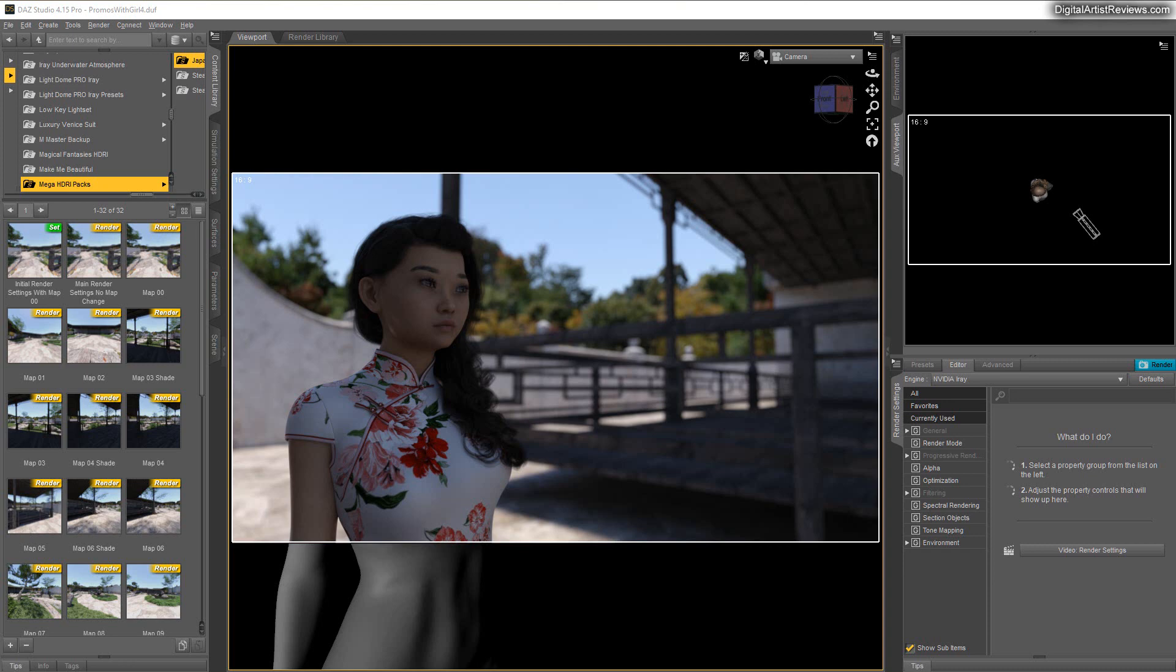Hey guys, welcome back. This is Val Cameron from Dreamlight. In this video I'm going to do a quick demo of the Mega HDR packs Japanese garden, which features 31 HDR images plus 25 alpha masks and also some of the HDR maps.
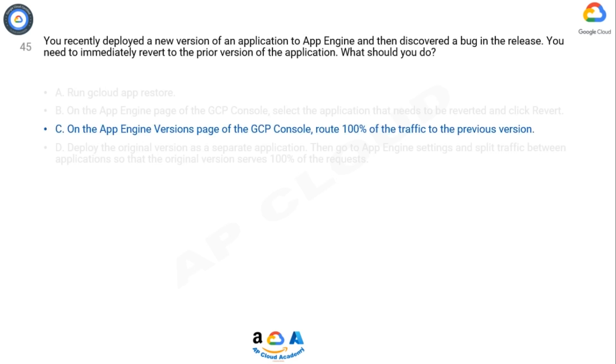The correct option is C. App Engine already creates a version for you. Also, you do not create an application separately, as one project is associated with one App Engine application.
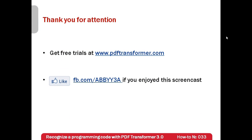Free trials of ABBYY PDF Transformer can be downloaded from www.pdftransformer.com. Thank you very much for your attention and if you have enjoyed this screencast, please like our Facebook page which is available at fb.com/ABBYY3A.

__________

GOAL OF THE EXERCISE
Transcribe the listing above exactly, leaving every picture out.

ANSWER BELOW
Hey guys, welcome back. This is Val Cameron from Dreamlight. In this video I'm going to do a quick demo of the Mega HDR packs Japanese garden, which features 31 HDR images plus 25 alpha masks and also some of the HDR maps.
The correct option is C. App Engine already creates a version for you. Also, you do not create an application separately, as one project is associated with one App Engine application.
Free trials of ABBYY PDF Transformer can be downloaded from www.pdftransformer.com. Thank you very much for your attention and if you have enjoyed this screencast, please like our Facebook page which is available at fb.com/ABBYY3A.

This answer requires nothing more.